** YOUR ASSIGNMENT **
Retype only what runs from the first line of the records to the line with "ATTENTION 55+ BUYERS!!", inclusive, and no pictures.

==== RECORDED INFORMATION ====

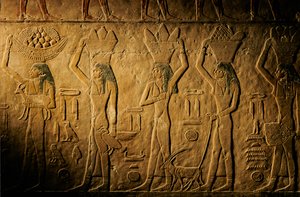 Frauen tragen Brot, Vogel, Ziege und Produkte, Grab von Tiye, Ägypten; Altes Reich; Saqqara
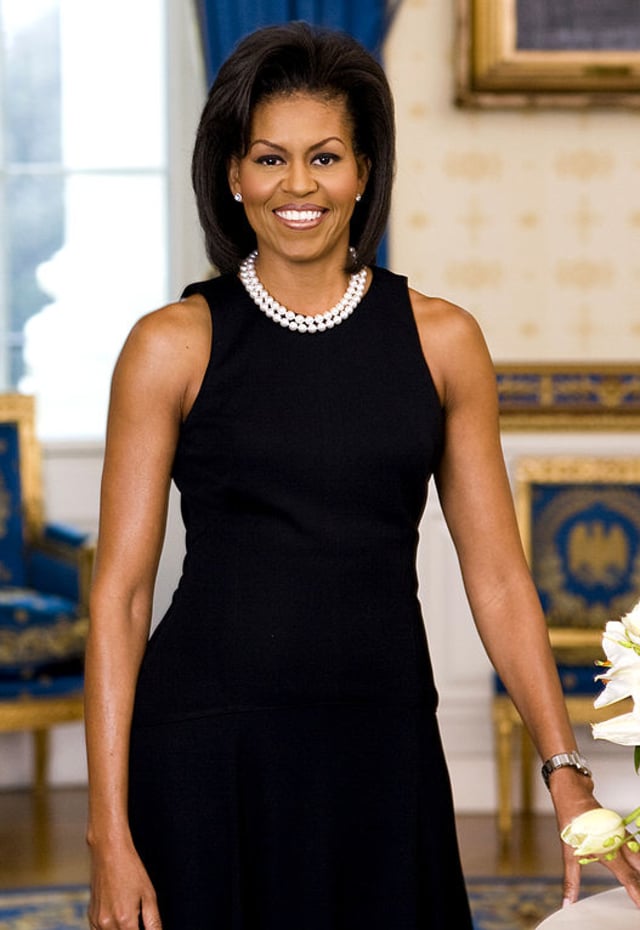 Foto gaun tanpa lengan Michelle Obama (Foto: Wikimedia Commons)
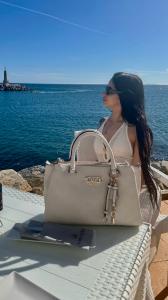 606939638: Chica busca chico en Málaga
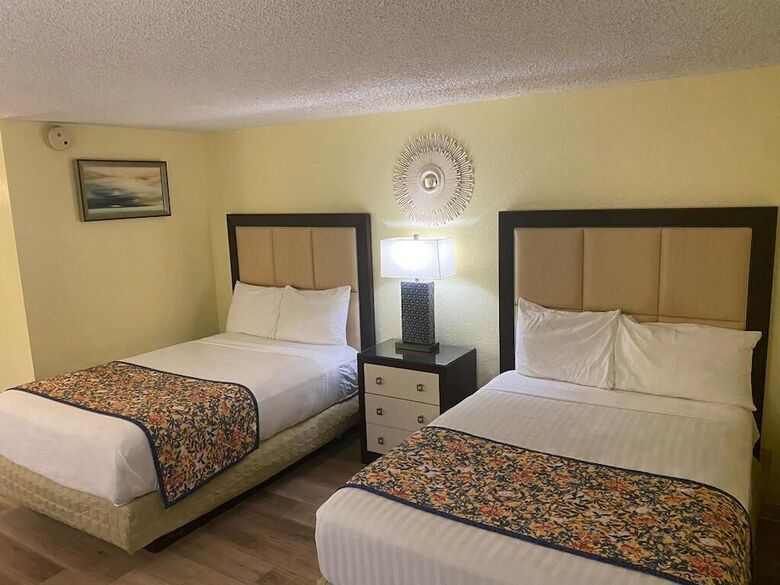Lincoln Inn Express Hotel And Suites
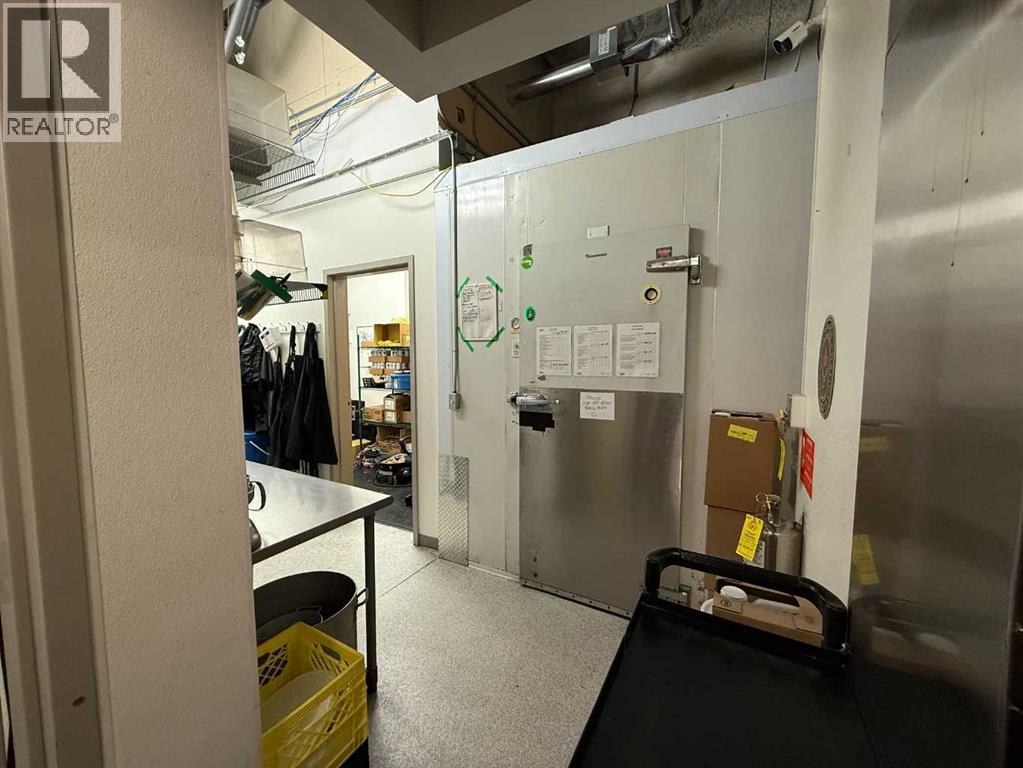 Restaurant, Restaurant Business Rental photo 8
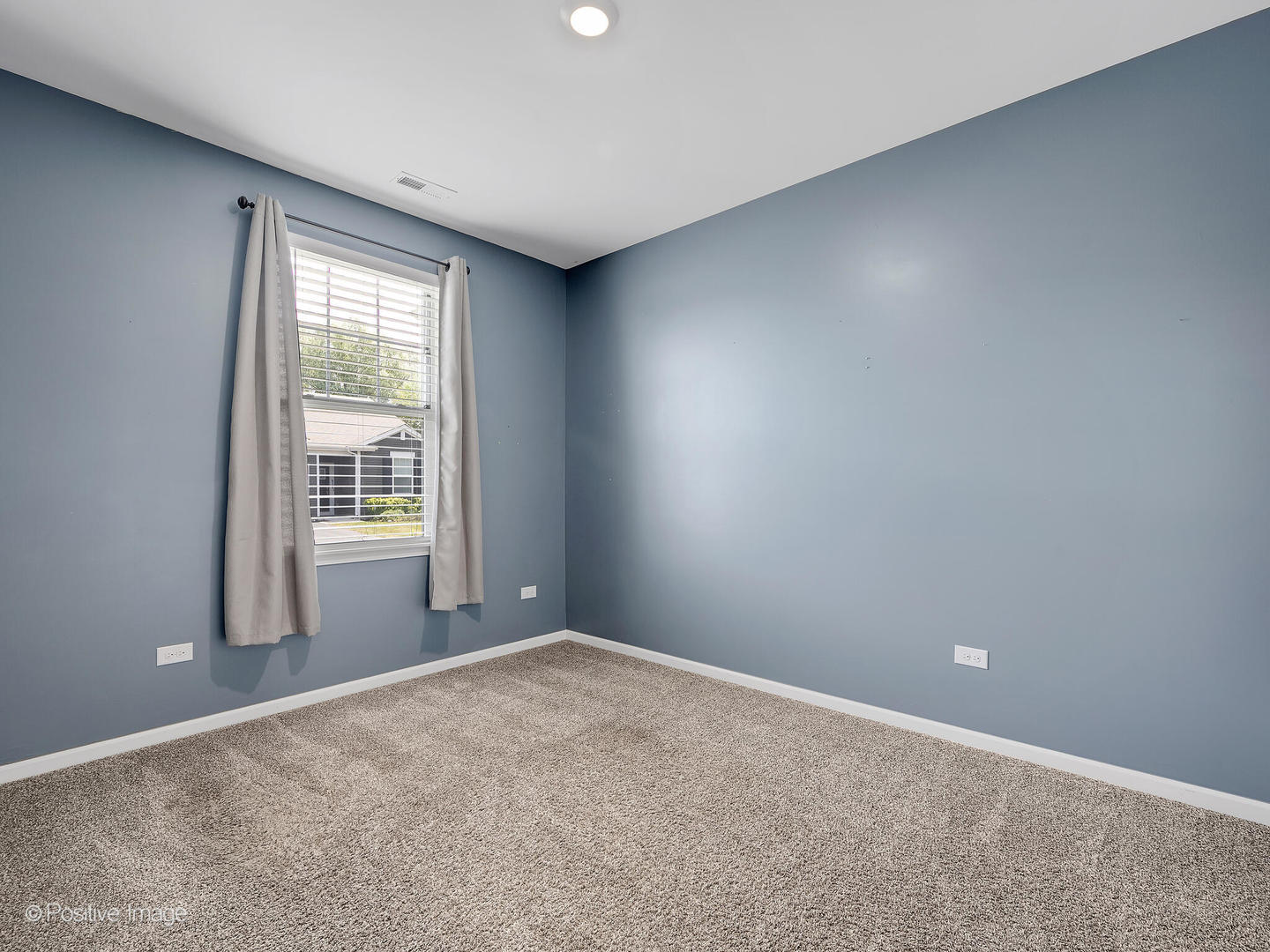 238 Sussex Lane, North Aurora, IL 60542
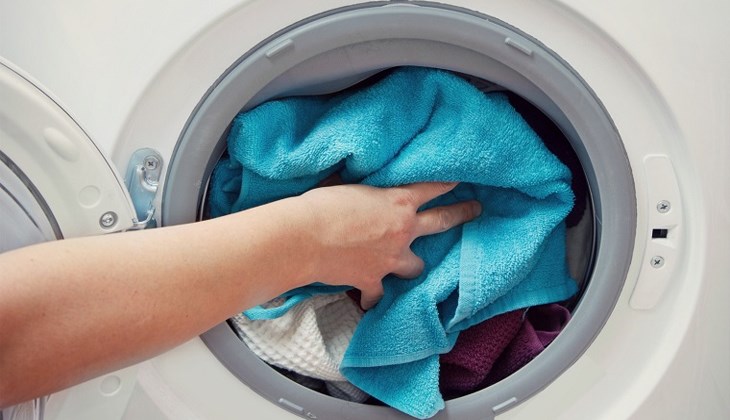 Bạn cần đảm bảo chỉ giặt đầy tải trọng, không giặt quá tải lượng vì như thế có thể làm giảm hiệu quả giặt và khiến máy bị giảm tuổi thọ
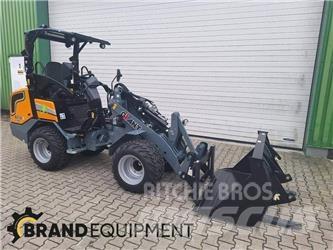GiANT G2700E X-TRA 輪胎式裝載機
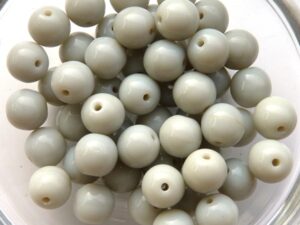 0020030 Opaque Light Grey round 7 mm. 30 Pc.-8655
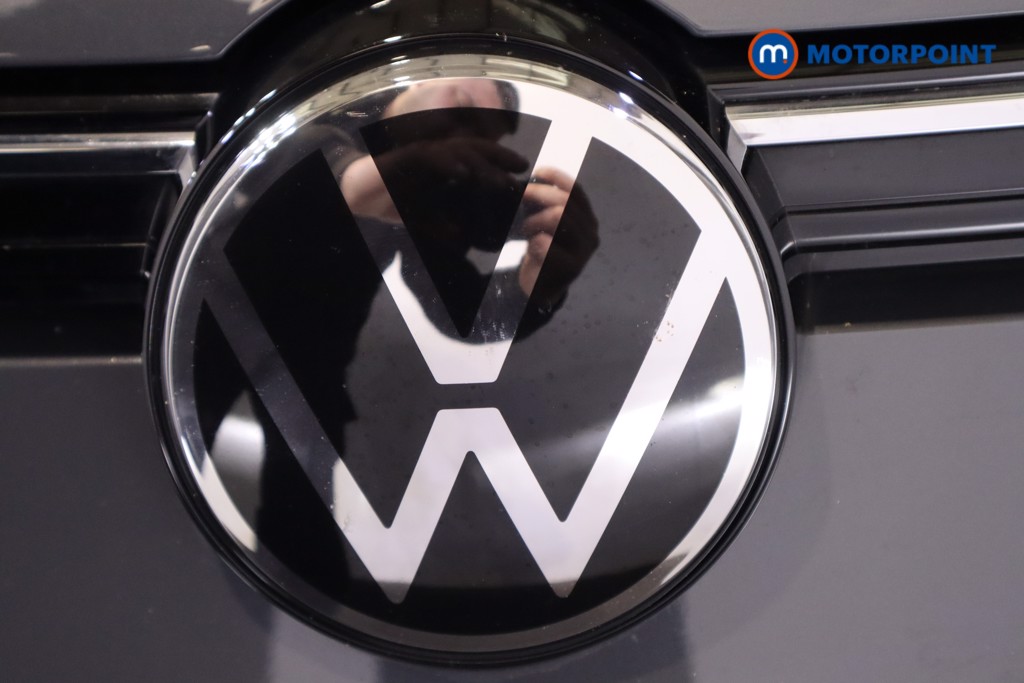 Volkswagen Golf R-Line Automatic Petrol Hatchback - Stock Number (1591563) - 37th supplementary image
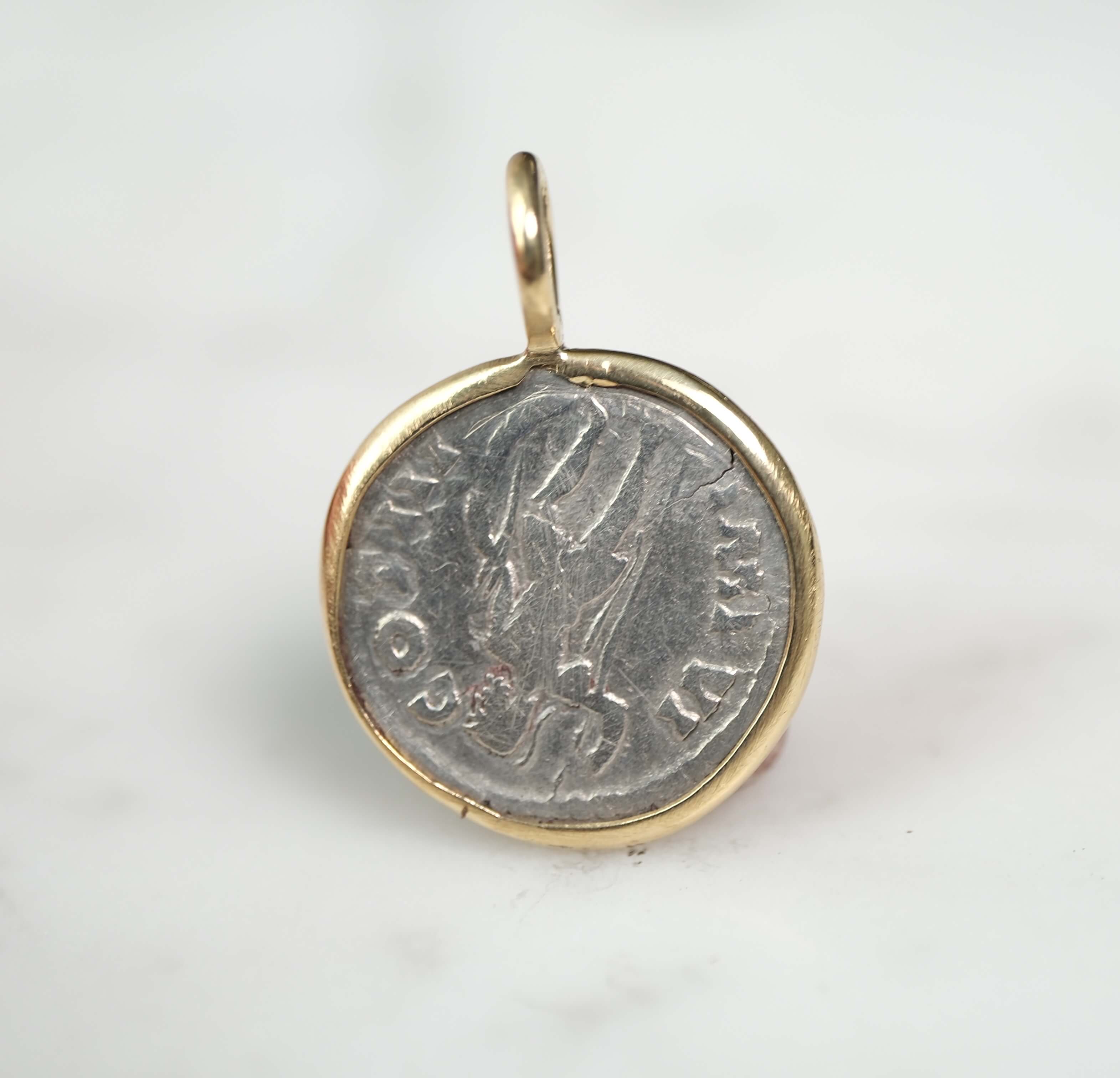 Marcus Aurelius in 18k Gold
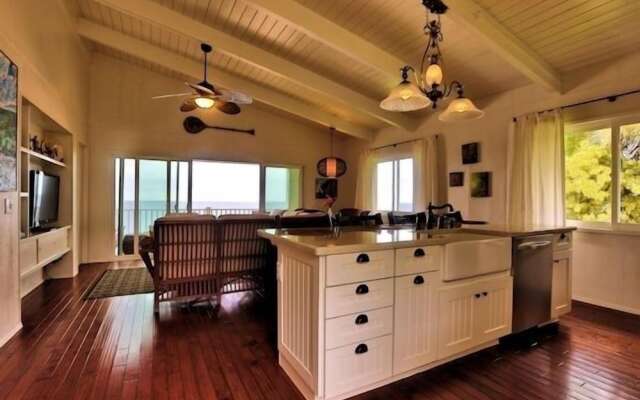 The Jewel Box 2 Bedroom Home by RedAwning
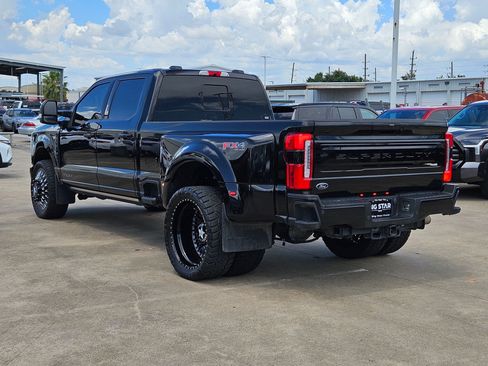 Used 2025 Ford F350 Platinum AWD/4WD image 7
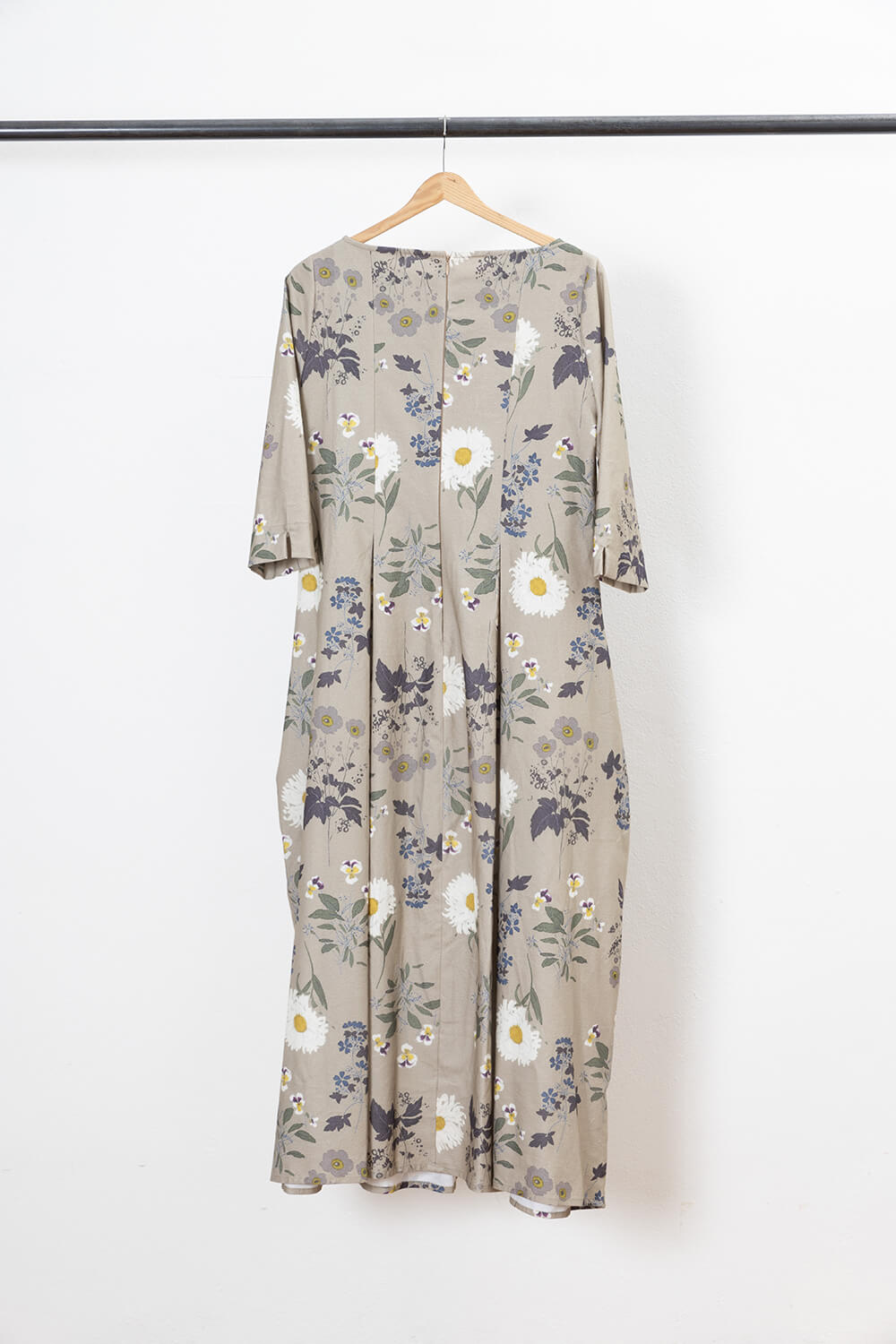 Longuette flowered wire dress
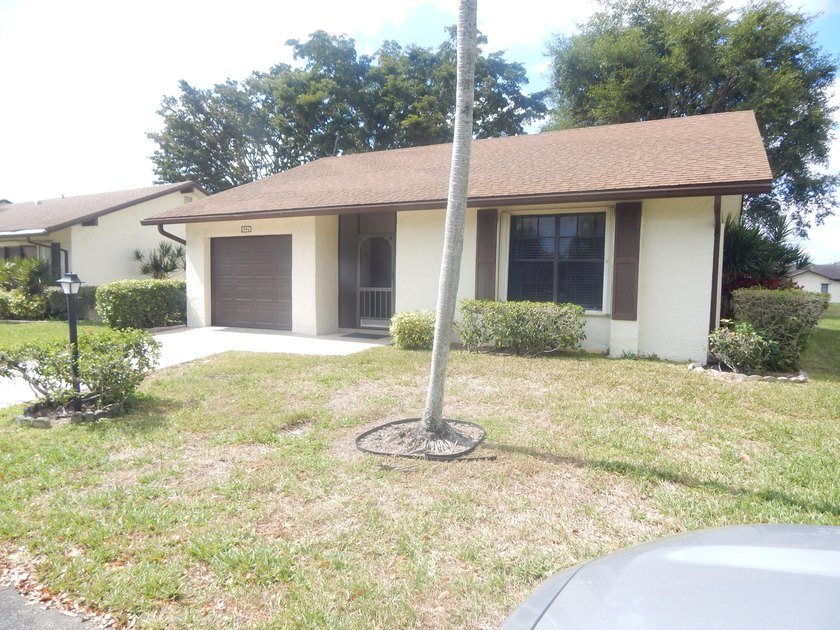 ATTENTION 55+ BUYERS!! GREAT LOCATION! 2 BEDROOM 2 BATH - Beach Home for sale in Greenacres, Florida on Beachhouse.com
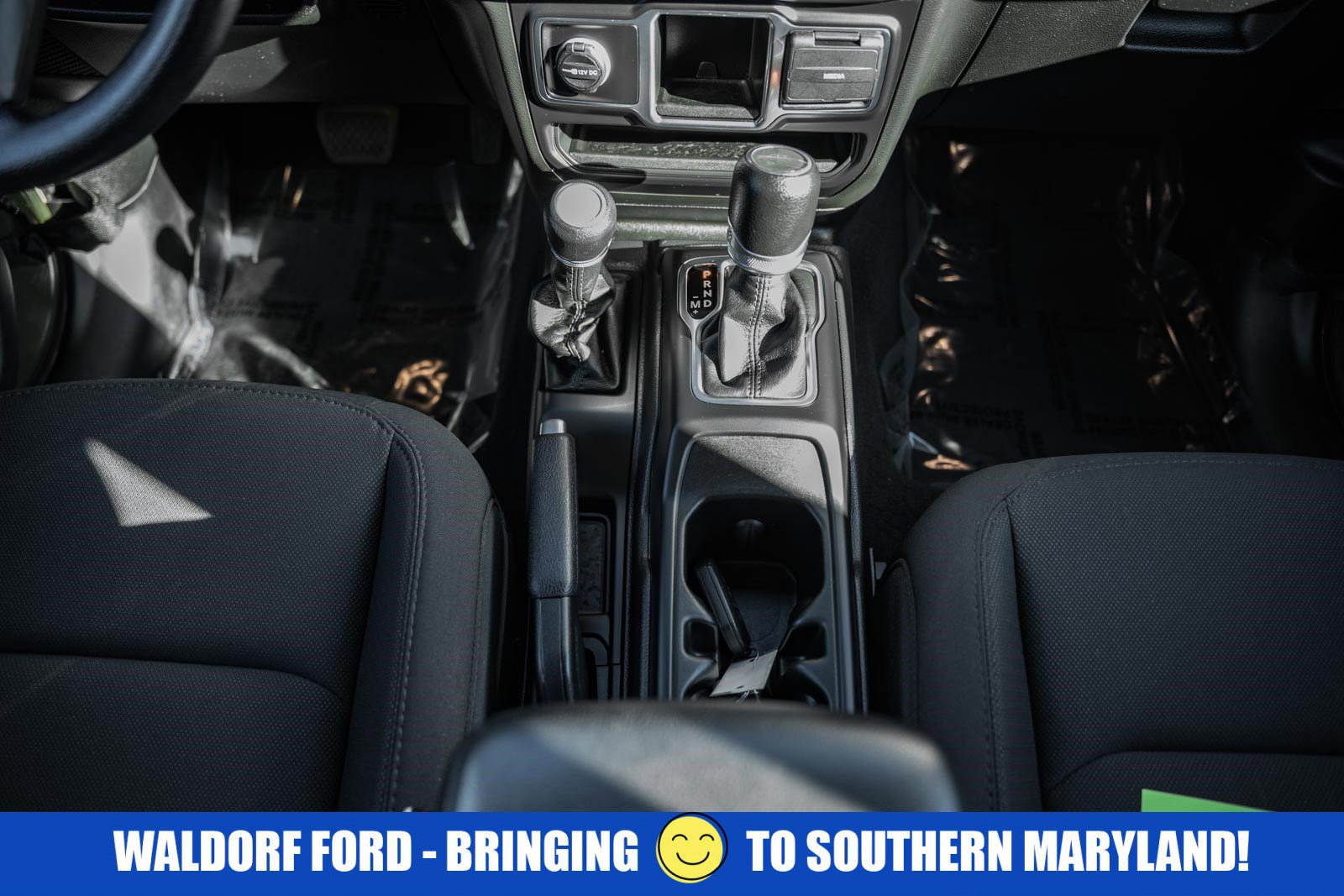 Used 2023 Jeep Gladiator Sport image 25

====

** FINISHED EXERCISE **
 Frauen tragen Brot, Vogel, Ziege und Produkte, Grab von Tiye, Ägypten; Altes Reich; Saqqara
 Foto gaun tanpa lengan Michelle Obama (Foto: Wikimedia Commons)
 606939638: Chica busca chico en Málaga
Lincoln Inn Express Hotel And Suites
 Restaurant, Restaurant Business Rental photo 8
 238 Sussex Lane, North Aurora, IL 60542
 Bạn cần đảm bảo chỉ giặt đầy tải trọng, không giặt quá tải lượng vì như thế có thể làm giảm hiệu quả giặt và khiến máy bị giảm tuổi thọ
GiANT G2700E X-TRA 輪胎式裝載機
 0020030 Opaque Light Grey round 7 mm. 30 Pc.-8655
 Volkswagen Golf R-Line Automatic Petrol Hatchback - Stock Number (1591563) - 37th supplementary image
 Marcus Aurelius in 18k Gold
 The Jewel Box 2 Bedroom Home by RedAwning
 Used 2025 Ford F350 Platinum AWD/4WD image 7
 Longuette flowered wire dress
 ATTENTION 55+ BUYERS!! GREAT LOCATION! 2 BEDROOM 2 BATH - Beach Home for sale in Greenacres, Florida on Beachhouse.com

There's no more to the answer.